WHAT IS BEING ASKED: Pictures do not belong in the copy; quote every entry below exactly.

─── DATASET EXCERPTS

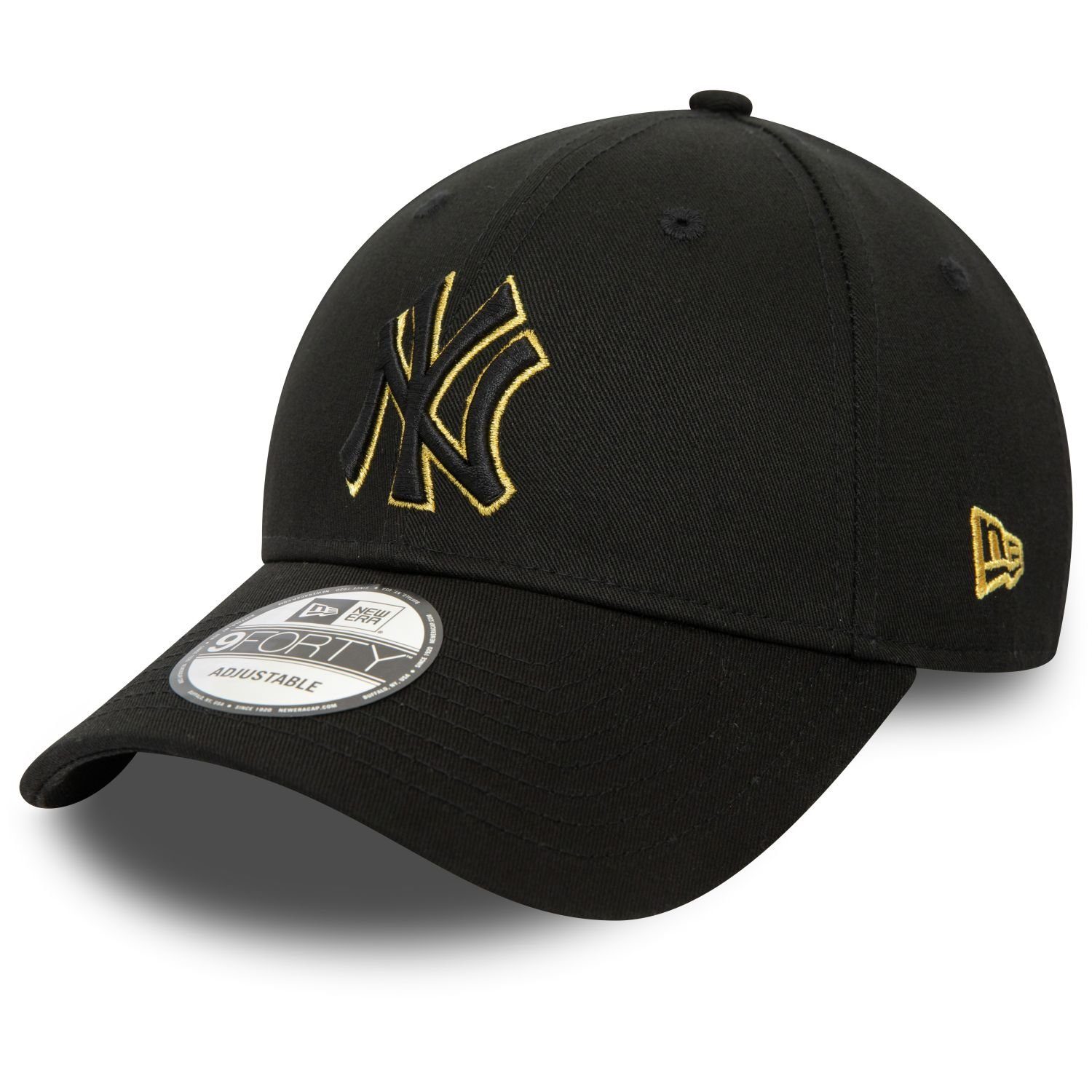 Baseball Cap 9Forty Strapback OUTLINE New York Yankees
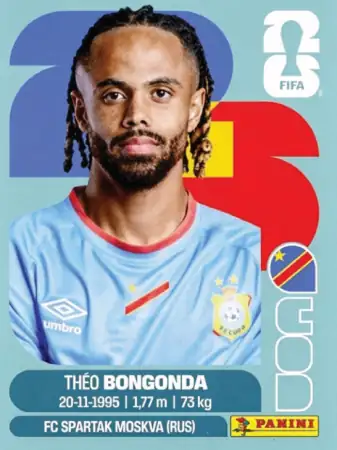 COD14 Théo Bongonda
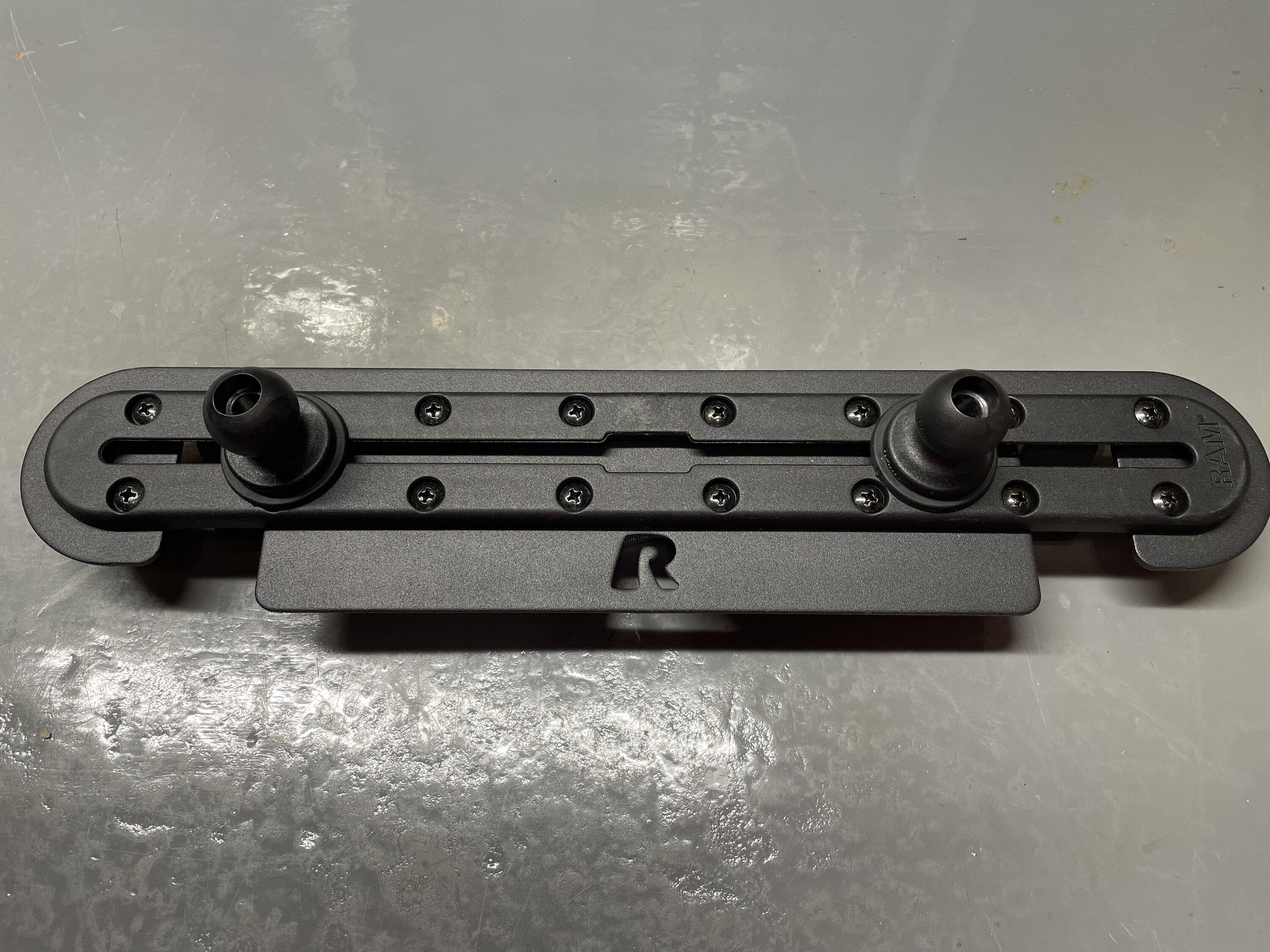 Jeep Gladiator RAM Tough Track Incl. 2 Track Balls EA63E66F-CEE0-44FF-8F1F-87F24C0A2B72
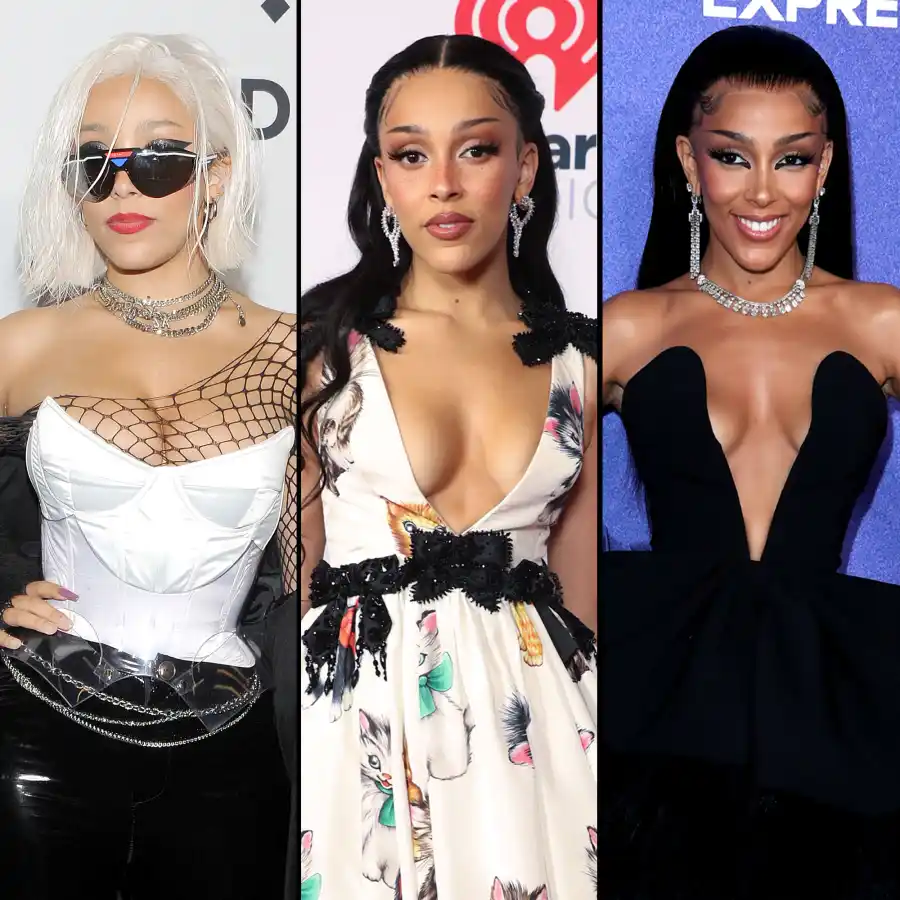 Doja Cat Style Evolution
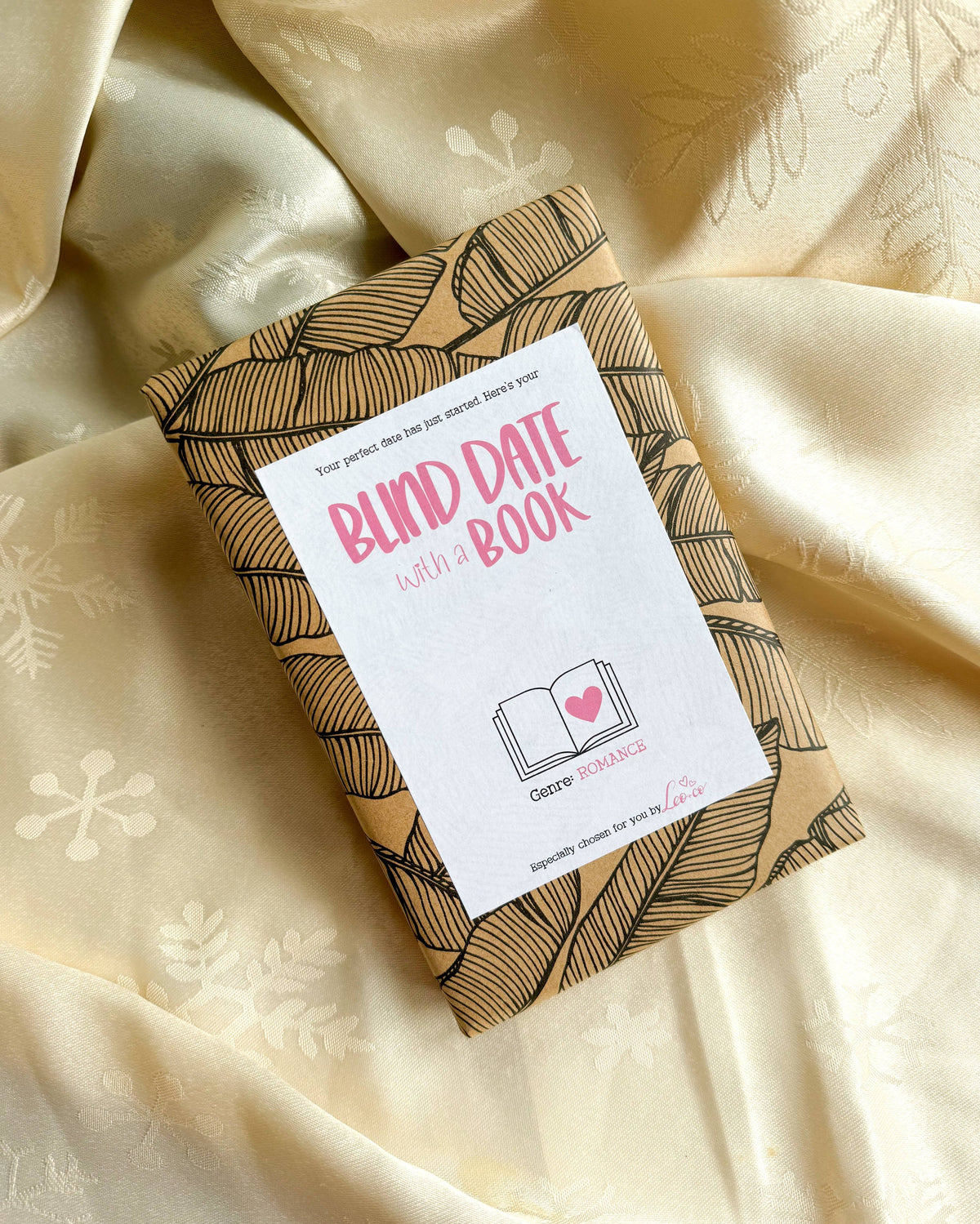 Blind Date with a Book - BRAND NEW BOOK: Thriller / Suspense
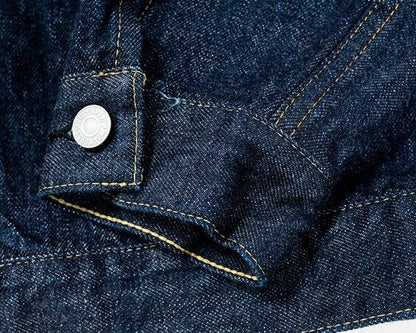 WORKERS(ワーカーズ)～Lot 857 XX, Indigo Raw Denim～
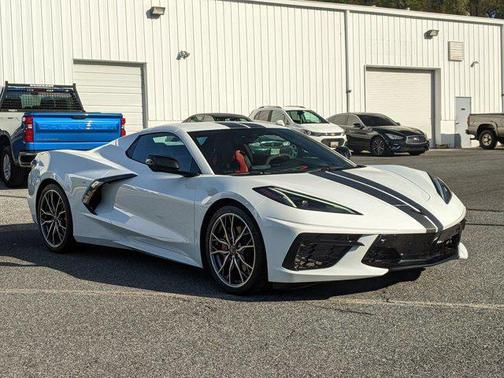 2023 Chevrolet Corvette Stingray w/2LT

──────

ANSWER FOR THE TASK:
 Baseball Cap 9Forty Strapback OUTLINE New York Yankees
 COD14 Théo Bongonda
 Jeep Gladiator RAM Tough Track Incl. 2 Track Balls EA63E66F-CEE0-44FF-8F1F-87F24C0A2B72
 Doja Cat Style Evolution
 Blind Date with a Book - BRAND NEW BOOK: Thriller / Suspense
 WORKERS(ワーカーズ)～Lot 857 XX, Indigo Raw Denim～
 2023 Chevrolet Corvette Stingray w/2LT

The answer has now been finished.